Motor oil’s significance cannot be underestimated. Just like the blood that runs through your veins has important jobs to do in your body, the oil in your car has many vital tasks. Your car’s oil cools and lubricates the hundreds of moving parts that keep your vehicle in good running shape. It protects the car’s engine, preventing contaminants and dirt from forming sludge that can result in engine wear, potential damage and reduced performance. It seals off gaps, reducing contamination by unburned fuel and water. Motor oil also prevents corrosion due to acid or moisture that might otherwise make their way into your car’s engine.

Due to the constant work that motor oil does in your engine, it gets dirty. Moreover, once motor oil is “spent,” the additives in the oil that power its magical ability to keep your motor running become depleted. These additives include anti-wear agents that form a protective coating with metal surfaces to protect the life of your engine. Detergents that reduce the formation of contaminants and inhibitors that prevent corrosion and rust from forming are also depleted. They can lead to your vehicle experiencing breakdowns in the components of the engine. The oil’s friction modifiers also become depleted over time, which results in reduced fuel economy. And last but not least, viscosity index improvers in the oil are reduced, resulting in thicker oil that doesn’t do its job as efficiently.

"But My Quick Lube Guy Recommends It"

Well, of course, he does! Your friendly (and perhaps, well-meaning) oil change guy may still stick wholeheartedly to the old recommendation of changing your oil every 3,000 miles. They may also do a good job convincing you that your car needs these frequent oil changes. It is, after all, in their best interests. Oil changes are his bread and butter. But bear in mind that your best resource for determining how often to change your oil is the manufacturer of the vehicle. The manufacturer is vested in keeping your car running great for as long as possible. The automaker wants you as a repeat customer and doesn't want to pay for any repairs that fall under your warranty. For these reasons, the manufacturer's recommendations should trump those of Moe the Mechanic downtown.

The Bottom Line

Not all cars need to have their oil changed every 3,000 miles. And most car makers agree, according to research conducted by Edmunds. Automakers are now recommending, for the most part, that cars have an oil change between 7,500 miles and 10,000 miles. One big name in the industry, GM, suggests changing the oil at least annually, even if the oil service indicator warning never flashes. Although you can't harm your car by giving it a fresh oil change before its need for one, it can be a waste of money. Not to mention that it is also bad for the environment since that old spent motor oil has to be disposed of or recycled when it was still useful for many more miles.

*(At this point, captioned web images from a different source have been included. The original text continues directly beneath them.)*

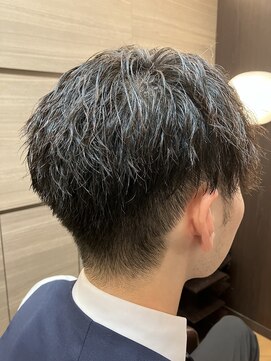バーバーリング メソッド(BARBERING METHOD) ゆるふわパーマと2ブロック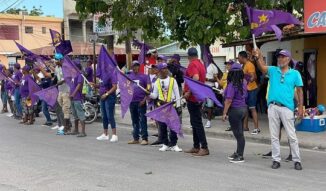 PLD no hizo tregua por SS; realizó «bandereos» en distintos puntos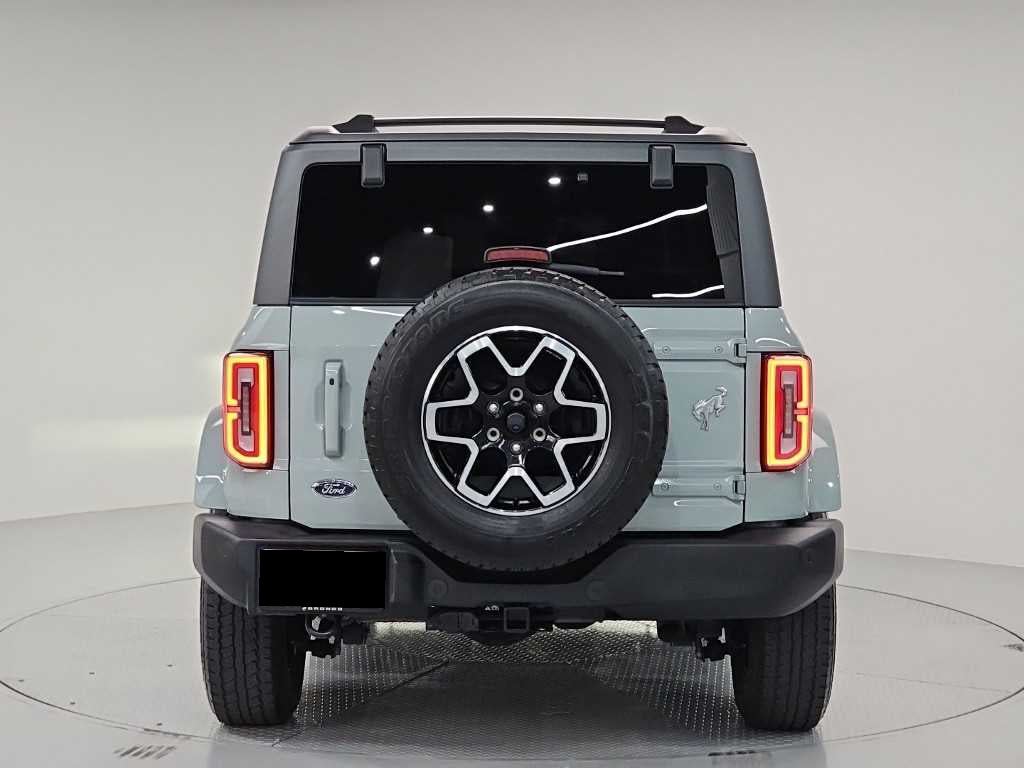 Ford Bronco — photo 03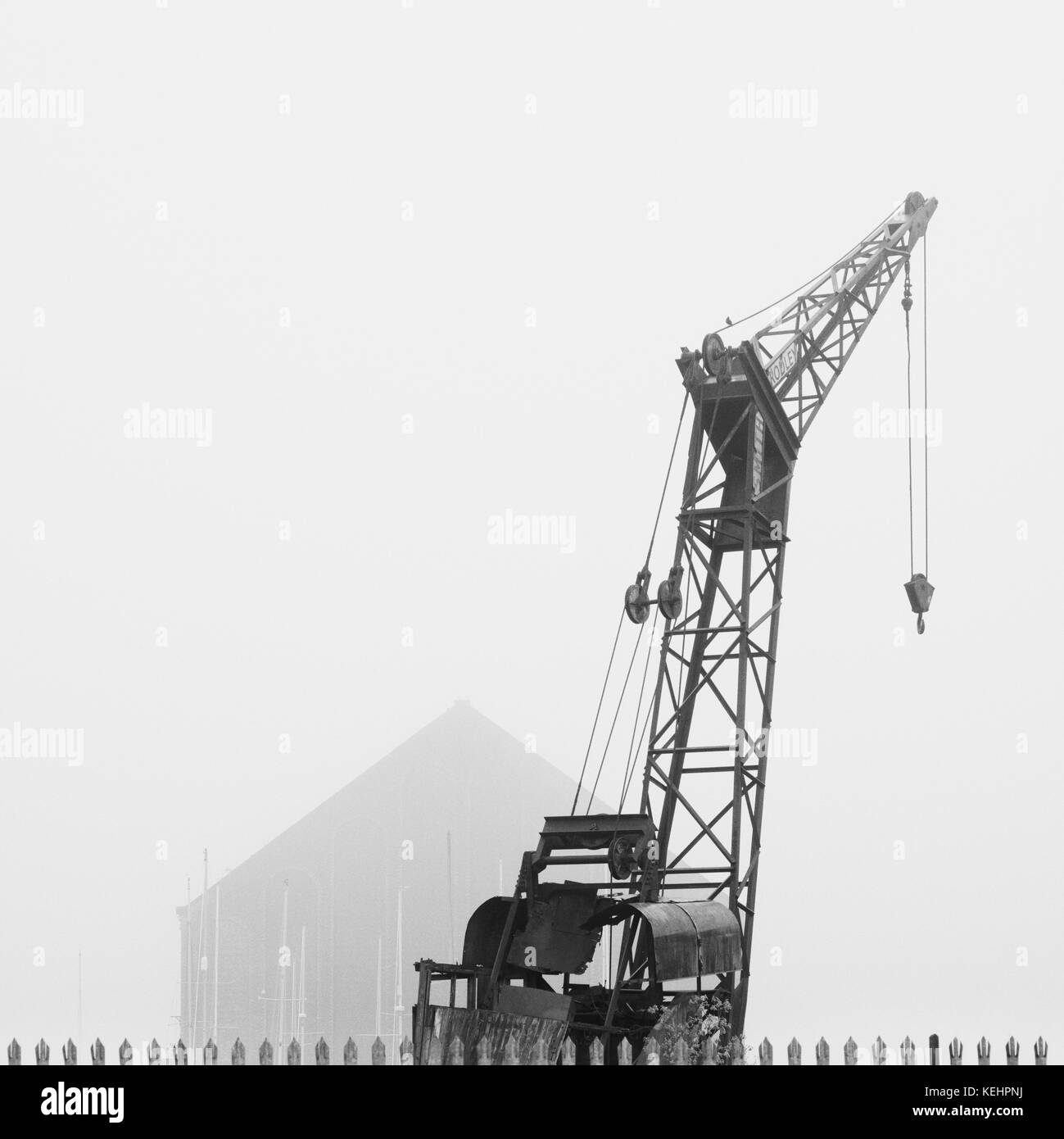 Gru di costruzione navale Greenock Glasgow costa ovest della Scozia nella nebbia in bianco e nero Silhouette Foto Stock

Nonetheless, if you are a staunch believer in frequent oil changes, then the thought of driving your car for 15,000 miles without one may not sit well with you. But perhaps there is an excellent middle ground. Some experts say to have your oil changed whenever you take your car in for a tire rotation. That gives you a chance to kill two birds with one stone while having peace of mind that you're giving your car's engine the lifeblood it needs to be its best.